A quienes ya habíamos tenido la oportunidad de ver las películas de Fernando Montenegro, nos quedaba claro que su apuesta era el escape de los convencionalismos, el desprecio por los arquetipos que no dejaban espacio para los matices. Es por eso que no nos sorprende que Cada viernes sangre se adscriba a la tradición del cine criminal, pero sin dejar de lado la búsqueda de sus propios caminos a nivel argumental y estético.

Esta opción por la diferencia se plantea desde la misma construcción de los personajes, delineados por una marginalidad que poco o nada se vincula con lo social. No se trata de seres excluidos por falta de oportunidades, sino por elección propia. Son ellos quienes han decidido tomar la ruta de lo impulsivo, de la incorrección. Son ellos los que le han dicho “No” a Lima y su mediocre “normalidad”.

En el caso del personaje principal -encarnado por Claudia Burga-, esa elección es, también, producto de una autoconsciencia de su naturaleza, del reconocimiento de ser esa pieza que no encaja en los moldes por disfrutar, libremente, de placeres poco comunes. Uno de los monólogos nos permite conocer el momento de su infancia que gatilló su costado perverso, ese del que solo puede divagar para sus adentros, en su soledad cada vez más rabiosa.

Con estos elementos, el director ofrece una relectura del género, sin temer a la carga que implica visitar un terreno que parecía haber agotado sus posibilidades de innovación.
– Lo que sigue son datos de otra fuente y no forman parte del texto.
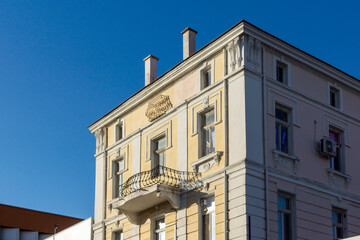 Fototapeta na wymiar Typical Building and streets in City of Haskovo, Bulgaria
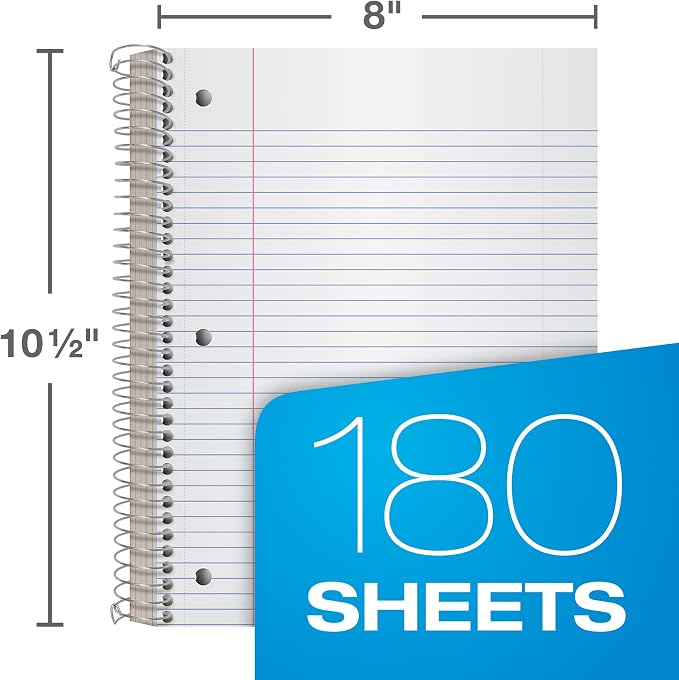 Oxford Spiral Notebook, 5 Subject Writing Journal, 3-Hole Punch, College Ruled - Image 3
En ese sentido, los protagonistas -pareja que prepara un robo en una empresa-, no se encuentran envueltos en un amour fou que los condenaría al vacío en razón de su pasión, al estilo del cine negro más clásico. Lo de ellos es un juego de poder en el que uno marca las pautas en las dosis de sexo y violencia, pero sin que alguno se convierta en victimario o en femme fatale en el sentido estricto.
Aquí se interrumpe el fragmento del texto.